[[ Exercise material, beginning ]]
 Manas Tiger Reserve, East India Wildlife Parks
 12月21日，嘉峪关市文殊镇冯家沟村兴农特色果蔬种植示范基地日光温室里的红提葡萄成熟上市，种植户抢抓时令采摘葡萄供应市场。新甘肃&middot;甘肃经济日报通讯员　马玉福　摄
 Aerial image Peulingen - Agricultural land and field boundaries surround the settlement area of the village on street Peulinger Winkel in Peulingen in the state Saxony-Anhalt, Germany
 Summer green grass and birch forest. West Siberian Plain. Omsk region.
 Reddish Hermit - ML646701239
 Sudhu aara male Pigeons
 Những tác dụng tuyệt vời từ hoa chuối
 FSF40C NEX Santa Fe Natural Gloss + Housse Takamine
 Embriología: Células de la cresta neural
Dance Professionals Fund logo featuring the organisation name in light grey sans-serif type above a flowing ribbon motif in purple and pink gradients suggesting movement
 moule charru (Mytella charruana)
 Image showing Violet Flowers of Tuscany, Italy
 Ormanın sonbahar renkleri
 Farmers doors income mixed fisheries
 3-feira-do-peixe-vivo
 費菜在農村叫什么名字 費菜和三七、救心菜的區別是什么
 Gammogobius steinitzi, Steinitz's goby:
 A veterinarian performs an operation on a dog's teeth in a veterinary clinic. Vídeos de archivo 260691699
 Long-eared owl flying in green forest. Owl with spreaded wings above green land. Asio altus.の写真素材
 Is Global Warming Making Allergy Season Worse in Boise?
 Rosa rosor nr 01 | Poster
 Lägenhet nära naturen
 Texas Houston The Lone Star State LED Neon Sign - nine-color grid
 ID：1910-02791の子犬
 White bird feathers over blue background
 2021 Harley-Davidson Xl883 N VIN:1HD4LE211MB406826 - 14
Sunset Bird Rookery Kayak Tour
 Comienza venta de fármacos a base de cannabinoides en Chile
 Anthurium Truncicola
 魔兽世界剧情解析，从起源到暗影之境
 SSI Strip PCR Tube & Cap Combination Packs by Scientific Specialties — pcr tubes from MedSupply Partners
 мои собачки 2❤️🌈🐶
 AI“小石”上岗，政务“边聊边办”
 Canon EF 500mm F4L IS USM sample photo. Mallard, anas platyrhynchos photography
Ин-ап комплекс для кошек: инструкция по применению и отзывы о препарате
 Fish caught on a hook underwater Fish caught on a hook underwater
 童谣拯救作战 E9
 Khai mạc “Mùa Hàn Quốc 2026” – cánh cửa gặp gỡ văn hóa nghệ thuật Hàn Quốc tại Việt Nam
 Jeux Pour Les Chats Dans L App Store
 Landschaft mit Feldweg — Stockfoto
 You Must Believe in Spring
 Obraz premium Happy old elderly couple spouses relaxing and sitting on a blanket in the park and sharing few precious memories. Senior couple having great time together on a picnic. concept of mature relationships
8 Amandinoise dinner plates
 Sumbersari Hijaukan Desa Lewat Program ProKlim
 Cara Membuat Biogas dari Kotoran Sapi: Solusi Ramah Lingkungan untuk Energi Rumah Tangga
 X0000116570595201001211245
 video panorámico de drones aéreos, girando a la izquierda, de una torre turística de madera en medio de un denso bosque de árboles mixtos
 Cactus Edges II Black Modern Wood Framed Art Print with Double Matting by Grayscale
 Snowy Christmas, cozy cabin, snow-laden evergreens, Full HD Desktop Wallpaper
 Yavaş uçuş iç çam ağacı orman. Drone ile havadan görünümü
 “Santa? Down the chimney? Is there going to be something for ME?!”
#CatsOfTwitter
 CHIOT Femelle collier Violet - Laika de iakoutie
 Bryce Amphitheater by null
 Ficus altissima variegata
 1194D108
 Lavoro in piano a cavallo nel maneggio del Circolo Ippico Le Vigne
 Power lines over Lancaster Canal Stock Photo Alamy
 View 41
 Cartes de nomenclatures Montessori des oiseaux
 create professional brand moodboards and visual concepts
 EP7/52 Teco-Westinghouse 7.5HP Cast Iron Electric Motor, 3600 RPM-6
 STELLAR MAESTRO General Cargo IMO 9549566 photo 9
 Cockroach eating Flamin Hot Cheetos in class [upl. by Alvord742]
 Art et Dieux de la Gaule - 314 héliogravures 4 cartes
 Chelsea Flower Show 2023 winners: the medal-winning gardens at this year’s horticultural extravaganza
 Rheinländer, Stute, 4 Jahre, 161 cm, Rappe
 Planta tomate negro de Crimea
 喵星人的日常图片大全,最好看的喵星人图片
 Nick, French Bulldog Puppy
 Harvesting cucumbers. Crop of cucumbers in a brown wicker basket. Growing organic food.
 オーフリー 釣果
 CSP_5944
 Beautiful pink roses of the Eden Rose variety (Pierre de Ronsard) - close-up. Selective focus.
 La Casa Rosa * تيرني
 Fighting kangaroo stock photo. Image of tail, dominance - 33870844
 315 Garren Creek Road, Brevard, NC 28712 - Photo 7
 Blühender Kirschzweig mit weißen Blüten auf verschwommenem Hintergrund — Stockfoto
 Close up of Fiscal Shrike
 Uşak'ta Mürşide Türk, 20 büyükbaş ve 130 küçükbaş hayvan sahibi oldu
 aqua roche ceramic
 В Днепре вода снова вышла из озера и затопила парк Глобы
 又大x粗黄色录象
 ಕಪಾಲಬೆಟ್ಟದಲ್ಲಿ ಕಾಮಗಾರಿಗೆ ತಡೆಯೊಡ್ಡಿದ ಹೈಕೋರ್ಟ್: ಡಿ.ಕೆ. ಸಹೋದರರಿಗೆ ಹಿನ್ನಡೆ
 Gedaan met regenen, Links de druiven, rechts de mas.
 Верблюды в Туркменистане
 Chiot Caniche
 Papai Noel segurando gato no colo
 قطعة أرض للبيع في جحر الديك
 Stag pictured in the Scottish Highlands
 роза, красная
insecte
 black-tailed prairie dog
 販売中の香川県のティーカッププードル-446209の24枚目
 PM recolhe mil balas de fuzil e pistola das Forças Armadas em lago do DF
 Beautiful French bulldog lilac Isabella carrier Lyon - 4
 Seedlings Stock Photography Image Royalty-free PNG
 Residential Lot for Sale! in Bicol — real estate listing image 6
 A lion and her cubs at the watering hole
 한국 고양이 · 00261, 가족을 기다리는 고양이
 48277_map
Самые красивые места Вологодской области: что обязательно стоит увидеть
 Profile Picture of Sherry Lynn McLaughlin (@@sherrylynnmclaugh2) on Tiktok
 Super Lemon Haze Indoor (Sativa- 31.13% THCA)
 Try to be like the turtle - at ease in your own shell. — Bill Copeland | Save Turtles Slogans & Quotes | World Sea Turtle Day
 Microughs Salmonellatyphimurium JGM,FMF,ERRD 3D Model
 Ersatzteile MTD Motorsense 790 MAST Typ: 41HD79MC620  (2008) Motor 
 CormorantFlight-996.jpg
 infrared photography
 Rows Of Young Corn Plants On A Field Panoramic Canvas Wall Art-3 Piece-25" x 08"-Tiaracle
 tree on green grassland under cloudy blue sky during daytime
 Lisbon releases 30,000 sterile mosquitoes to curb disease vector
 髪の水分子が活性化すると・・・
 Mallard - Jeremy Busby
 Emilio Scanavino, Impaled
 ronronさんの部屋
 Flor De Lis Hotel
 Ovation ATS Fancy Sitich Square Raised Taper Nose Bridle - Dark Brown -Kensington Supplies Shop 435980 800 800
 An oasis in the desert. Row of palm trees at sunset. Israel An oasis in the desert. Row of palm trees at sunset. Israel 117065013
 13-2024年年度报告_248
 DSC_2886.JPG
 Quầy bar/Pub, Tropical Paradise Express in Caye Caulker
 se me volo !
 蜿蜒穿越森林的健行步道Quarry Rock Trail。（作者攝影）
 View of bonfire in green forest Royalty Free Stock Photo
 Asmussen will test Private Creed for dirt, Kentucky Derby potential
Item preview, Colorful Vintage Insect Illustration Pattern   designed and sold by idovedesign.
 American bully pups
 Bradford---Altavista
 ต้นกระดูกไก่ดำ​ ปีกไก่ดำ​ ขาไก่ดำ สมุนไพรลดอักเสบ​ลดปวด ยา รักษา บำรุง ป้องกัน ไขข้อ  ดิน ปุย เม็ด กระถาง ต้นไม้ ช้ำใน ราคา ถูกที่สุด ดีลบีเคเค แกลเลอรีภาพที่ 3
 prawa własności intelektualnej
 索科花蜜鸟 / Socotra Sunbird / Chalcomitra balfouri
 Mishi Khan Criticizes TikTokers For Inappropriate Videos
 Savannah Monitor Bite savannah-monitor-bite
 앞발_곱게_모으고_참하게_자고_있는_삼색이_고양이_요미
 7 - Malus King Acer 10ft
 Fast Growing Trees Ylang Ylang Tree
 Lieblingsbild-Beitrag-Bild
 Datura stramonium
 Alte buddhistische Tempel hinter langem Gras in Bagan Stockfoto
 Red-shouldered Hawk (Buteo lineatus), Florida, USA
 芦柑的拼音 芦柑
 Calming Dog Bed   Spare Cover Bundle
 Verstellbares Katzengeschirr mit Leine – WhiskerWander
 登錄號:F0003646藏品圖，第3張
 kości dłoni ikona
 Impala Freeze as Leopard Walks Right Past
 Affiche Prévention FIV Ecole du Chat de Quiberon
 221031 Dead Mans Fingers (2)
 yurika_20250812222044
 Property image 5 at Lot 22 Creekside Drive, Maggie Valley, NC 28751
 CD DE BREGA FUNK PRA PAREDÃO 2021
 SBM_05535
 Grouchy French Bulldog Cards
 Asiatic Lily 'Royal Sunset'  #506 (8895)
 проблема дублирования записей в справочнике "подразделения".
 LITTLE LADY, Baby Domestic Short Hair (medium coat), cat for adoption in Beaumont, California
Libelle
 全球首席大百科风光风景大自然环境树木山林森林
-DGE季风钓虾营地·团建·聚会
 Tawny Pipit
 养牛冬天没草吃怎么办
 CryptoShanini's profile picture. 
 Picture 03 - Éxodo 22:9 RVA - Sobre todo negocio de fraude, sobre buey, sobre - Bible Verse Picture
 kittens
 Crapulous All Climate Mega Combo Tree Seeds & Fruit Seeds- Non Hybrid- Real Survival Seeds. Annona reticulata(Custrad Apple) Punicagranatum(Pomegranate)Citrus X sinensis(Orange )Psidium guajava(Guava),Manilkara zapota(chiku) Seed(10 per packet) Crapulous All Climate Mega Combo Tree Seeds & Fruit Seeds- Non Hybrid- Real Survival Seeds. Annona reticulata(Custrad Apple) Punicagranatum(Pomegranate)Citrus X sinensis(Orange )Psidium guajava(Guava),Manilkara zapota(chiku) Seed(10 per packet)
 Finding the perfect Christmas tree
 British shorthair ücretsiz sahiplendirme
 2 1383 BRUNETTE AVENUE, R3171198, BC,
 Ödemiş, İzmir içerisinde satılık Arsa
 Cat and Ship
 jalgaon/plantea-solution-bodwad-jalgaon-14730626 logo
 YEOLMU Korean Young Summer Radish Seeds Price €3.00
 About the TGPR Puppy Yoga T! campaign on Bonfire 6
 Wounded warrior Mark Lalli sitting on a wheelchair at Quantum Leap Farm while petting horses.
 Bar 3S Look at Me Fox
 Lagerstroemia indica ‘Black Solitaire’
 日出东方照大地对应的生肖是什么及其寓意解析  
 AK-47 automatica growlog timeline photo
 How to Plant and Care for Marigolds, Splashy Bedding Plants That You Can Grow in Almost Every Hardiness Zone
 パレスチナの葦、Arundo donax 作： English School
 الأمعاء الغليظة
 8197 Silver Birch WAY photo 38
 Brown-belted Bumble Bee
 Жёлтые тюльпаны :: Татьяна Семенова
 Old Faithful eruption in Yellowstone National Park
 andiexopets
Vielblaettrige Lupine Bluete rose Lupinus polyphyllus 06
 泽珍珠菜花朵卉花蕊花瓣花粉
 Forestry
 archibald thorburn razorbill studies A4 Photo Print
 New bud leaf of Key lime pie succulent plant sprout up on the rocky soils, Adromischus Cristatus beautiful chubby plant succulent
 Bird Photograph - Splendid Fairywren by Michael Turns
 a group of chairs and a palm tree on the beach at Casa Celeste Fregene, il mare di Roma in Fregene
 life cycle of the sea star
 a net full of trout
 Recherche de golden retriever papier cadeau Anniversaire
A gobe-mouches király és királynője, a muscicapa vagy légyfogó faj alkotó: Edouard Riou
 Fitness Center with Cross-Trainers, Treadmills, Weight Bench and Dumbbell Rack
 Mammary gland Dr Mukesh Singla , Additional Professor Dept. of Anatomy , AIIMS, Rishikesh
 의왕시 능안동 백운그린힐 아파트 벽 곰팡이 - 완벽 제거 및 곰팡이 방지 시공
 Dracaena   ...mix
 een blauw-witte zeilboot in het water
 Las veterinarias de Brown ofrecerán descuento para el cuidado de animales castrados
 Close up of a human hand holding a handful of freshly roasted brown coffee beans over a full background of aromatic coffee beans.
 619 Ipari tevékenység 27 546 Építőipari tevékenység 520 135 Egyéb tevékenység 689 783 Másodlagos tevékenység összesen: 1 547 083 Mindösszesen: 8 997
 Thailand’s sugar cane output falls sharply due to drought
[[ Exercise material, end ]]
*Task to carry out:* Give back exactly the lines above, from the line containing "Ersatzteile MTD Motorsense" through the line containing "DSC_2886.JPG", with both end lines and nothing more.

*Exercise response:*
 Ersatzteile MTD Motorsense 790 MAST Typ: 41HD79MC620  (2008) Motor 
 CormorantFlight-996.jpg
 infrared photography
 Rows Of Young Corn Plants On A Field Panoramic Canvas Wall Art-3 Piece-25" x 08"-Tiaracle
 tree on green grassland under cloudy blue sky during daytime
 Lisbon releases 30,000 sterile mosquitoes to curb disease vector
 髪の水分子が活性化すると・・・
 Mallard - Jeremy Busby
 Emilio Scanavino, Impaled
 ronronさんの部屋
 Flor De Lis Hotel
 Ovation ATS Fancy Sitich Square Raised Taper Nose Bridle - Dark Brown -Kensington Supplies Shop 435980 800 800
 An oasis in the desert. Row of palm trees at sunset. Israel An oasis in the desert. Row of palm trees at sunset. Israel 117065013
 13-2024年年度报告_248
 DSC_2886.JPG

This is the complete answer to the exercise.